Anyway, I don’t know how I settled on The Kinks’ album Give the People What They Want that afternoon, but I did.  And I’d like to say that the album blew my mind but that would be a lie, as I never got past the first song.  There was something about Destroyer that seriously clicked with my music-bone and when the song ended I leapt up and restarted it.  I sat down on the carpet in front of the record player and again and again I lifted the needle and plunked it back into the first groove*.  I mean I just could not get enough of that song into my head.  By the time someone arrived home to the apartment I had every word memorized (although I had plenty of the lyrics wrong, as was my habit).  I was especially smitten with the fact that the little man in the protagonist’s head was yellow at the beginning of the song while later in the song he is green.  

It mystifies me why I dug that colour change so much and I similarly have no idea why I loved the song so completely (to date I still haven’t heard the rest of the record).  But then, I’ve never been able to figure out my attraction to The Kinks at all.  They don’t seem brilliant, but they clearly were.  In fact, there is nothing in particular about The Kinks that I could point at and say, “Y’see, this is what makes them brilliant.”  But they are.

Which brings me around to Ray Davies (the guitar-playing half of The Kinks’ brothers) playing the Black Sheep Stage at the Ottawa Bluesfest on July 11th, 2008.  I’d tried to get onsite in time for at least the last few songs of Ball & Chain but I missed them.  What I did find was a swath of lawnchairs uncharacteristically swarming the Black Sheep Stage.  It was clear that if I wanted a good spot for Davies’ set I was going to have to park myself there for the duration, so I did.  This exposed me to the entirety of Shelby Lynn’s mediocre opening set.  She was touring her album of Dusty Springfield covers so even though I had never heard of the lady before I still recognized a few songs, like Breakfast in Bed and I Only Want to Be with You.  Regardless, her entire show came off as uninspired at best, and had I not been concerned about being shut out of the Black Sheep for Ray Davies I would’ve bailed to any of the other stages.  Luckily I didn’t.
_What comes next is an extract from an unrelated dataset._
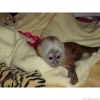 Evlat edinmek iin sevimli capuchin maymunlar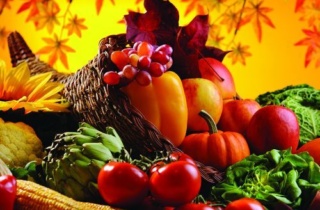 Fall Cornucopia Image Only Web 500X500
Ray Davies performed as a duo with another guitar player, both of them sitting in chairs.  Not a recipe for an epic rock show but somehow it still was.  The songwriting was just so…right.  Of course he played tons of Kinks tunes like Dedicated Follower of Fashion, Sunny Afternoon, and Where Have All the Good Times Gone** but the new material was – dare I say it? – just about as good as The Kinks songs.  He played tons of stuff I had never heard before and somehow, some way, they were all secretly brilliant.  I swear, Ray Davies must be one of the greatest musical storytellers in the biz.  His songwriting is like Picasso’s drawing of Dove; it’s so simple as to be almost child-like and yet somehow utterly perfect.

It was such a great set.  Thank gawd he didn’t play Destroyer; I might have died.
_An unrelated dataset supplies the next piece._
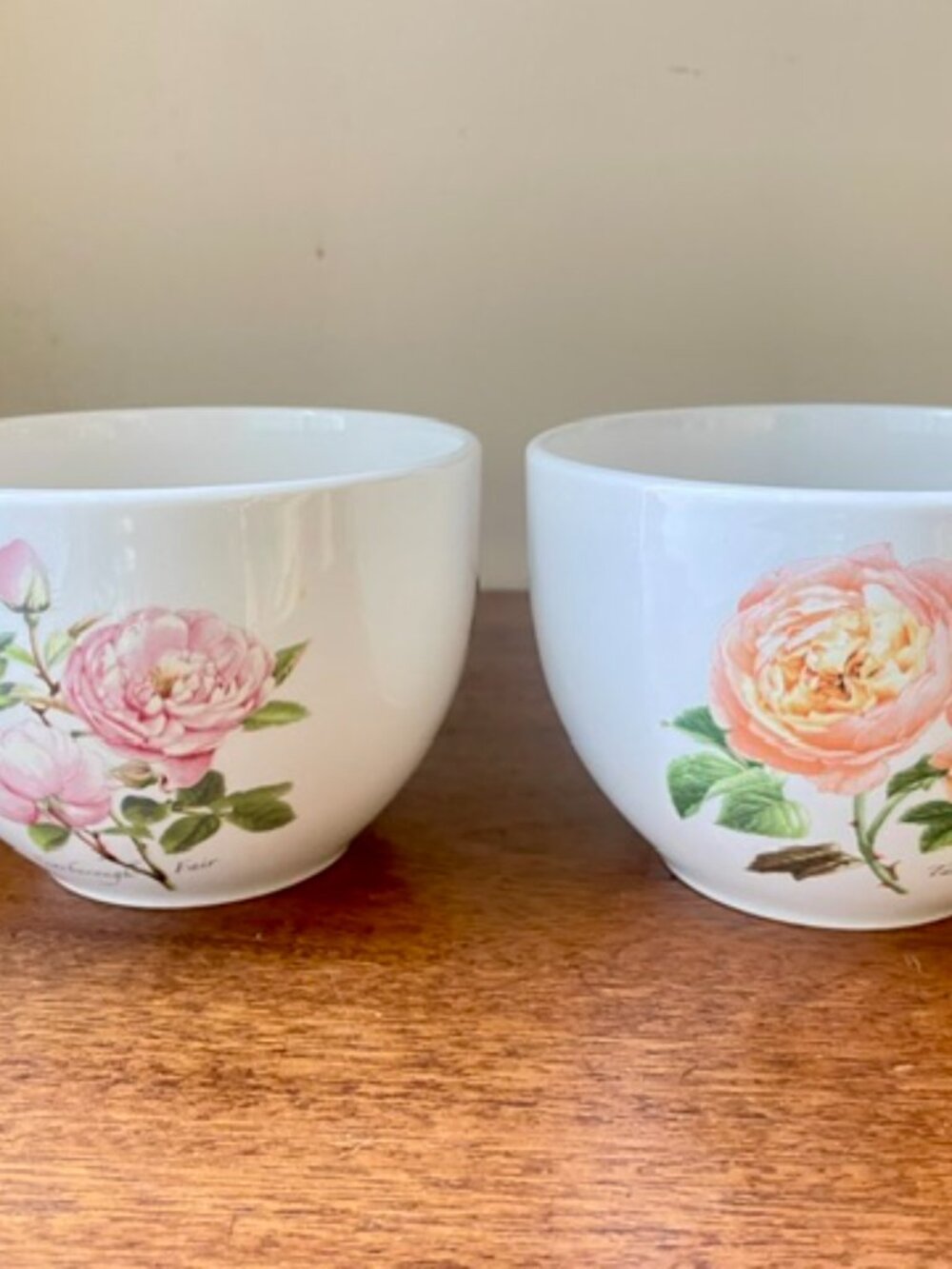 PORTMEIRION BOTANIC GARDEN Rose theme Vanessa Bell & Scarborough Fair Bowls x2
While the acoustic duo was great of course so many of the songs silently screamed for a full band treatment.  So it was a treat when Shelby’s band (without Shelby) joined the pair onstage for the last two songs, All Day and All of the Night and the set-ending You Really Got Me** and man, it rocked!  They were loosely rehearsed but the band was obviously pumped to be backing up Ray Davies which gave the tunes exactly the right bit of going for it that makes them work so well.
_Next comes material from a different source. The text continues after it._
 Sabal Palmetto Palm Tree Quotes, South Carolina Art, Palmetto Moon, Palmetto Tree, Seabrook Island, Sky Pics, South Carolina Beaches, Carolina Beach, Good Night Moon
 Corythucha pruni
Unfortunately Davies ended by cutting his show short – if I recall this correctly I believe he said he was sick and just couldn’t finish.  And so we were robbed of the encore, which could only have been Lola.  Talk about leaving me wanting more!  Here I had just witnessed pure rock and roll magic on my favourite stage at my favourite festival and yet somehow Ray Davies still managed to leave me disappointed.

I just don’t know how he does it.

*Yeah, yeah, I know there is only one groove on each side of a record.  Gimme a break once in a while wouldja?  

**I was astounded when I first discovered that these weren’t Van Halen songs.